Known globally for her charm and youthful energy, the duchess is depicted here as more solemnly mature than images of her in the mass media reflect. Emsley unabashedly painted the first etchings of fine lines across Catherine’s filled-out face, and viewers can hardly ignore the presence of murky half-moon bags under her icy eyes. An aged appearance has the effect of defining the duchess as fairly matronly, a reminder to the public that she is the woman responsible for bearing the future heir to the throne and assuring the continuity of the Windsor line. Catherine’s beginning-to-crinkle visage, her closed-mouthed simper and the blackened matte portrait background combine to send the message that her exalted status, although newly gained, is permanent — that she is to be taken seriously as a figurehead of state, despite her comparatively common origins.
Catherine desired a simple image of herself; her sole request to Emsley was that she should look like a natural human being, not a woman on official duty.

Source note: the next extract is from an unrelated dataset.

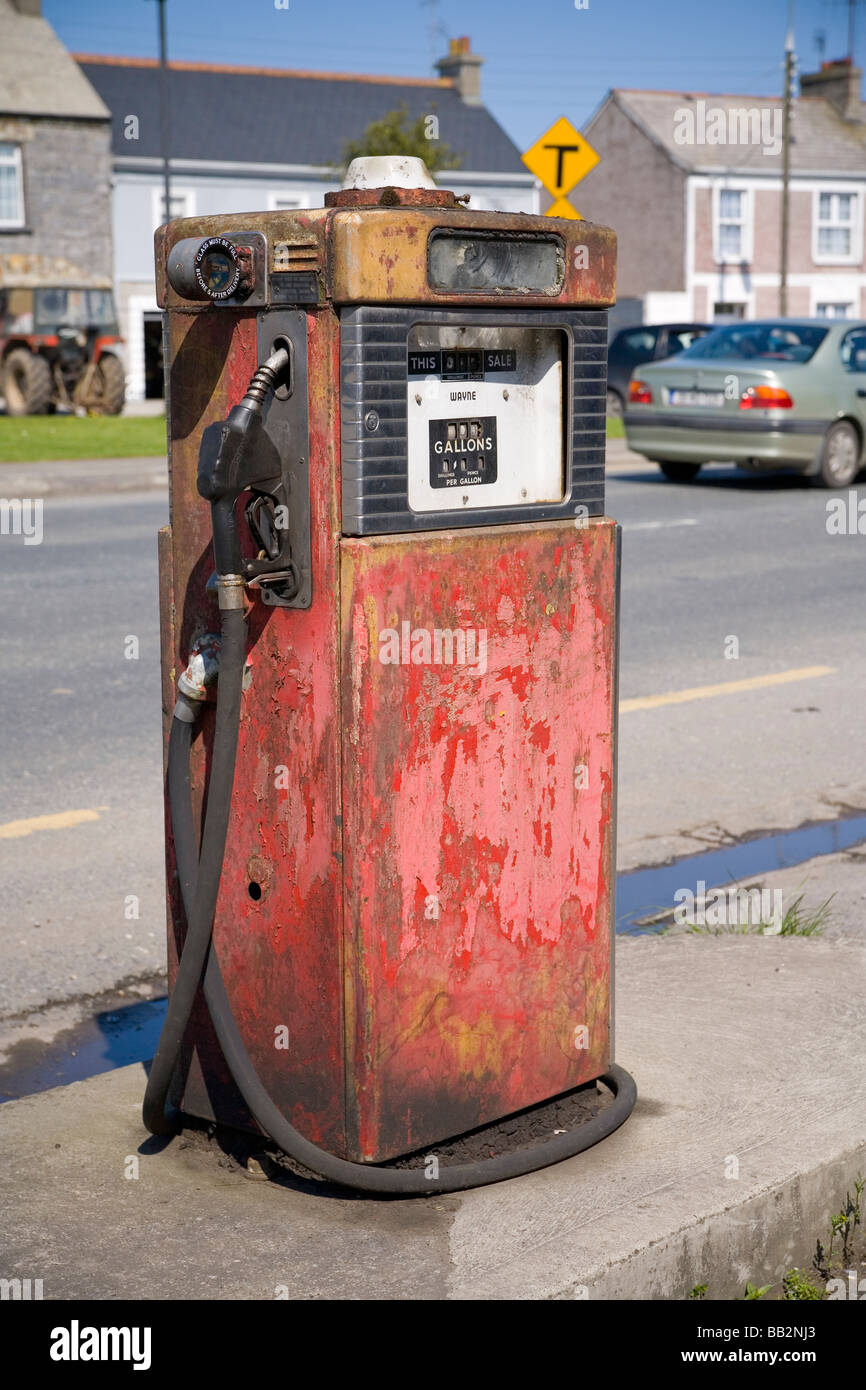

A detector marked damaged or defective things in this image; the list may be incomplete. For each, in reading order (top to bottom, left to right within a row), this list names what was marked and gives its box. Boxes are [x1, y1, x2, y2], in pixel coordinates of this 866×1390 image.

rusty red fuel pump [143, 157, 636, 1189]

Any photograph might have delivered such a humble vision of self, but the pricey oil painting commission, which cost a hefty 34,260 pounds sterling, demonstrates her assimilation into the royal family as only wealth can. Today, very much as in the past, it is the upper crust and oligarchs who can afford the allotments of money and leisure time required to sit patiently in a studio as an artist practices their immortalising paint tricks.
The duchess’ role as patron to the National Portrait Gallery is also poignantly reiterated by being exemplified in oil on canvas, the medium most traditional, popular and perhaps valued in the institution. As a semiotic sign, Catherine’s painted portrait, although relatively guileless upon immediate inspection, conveys multifaceted meanings concerning a modern monarchy consciously keen to assert itself as less ostentatious, yet as a powerful, unfading institution nonetheless.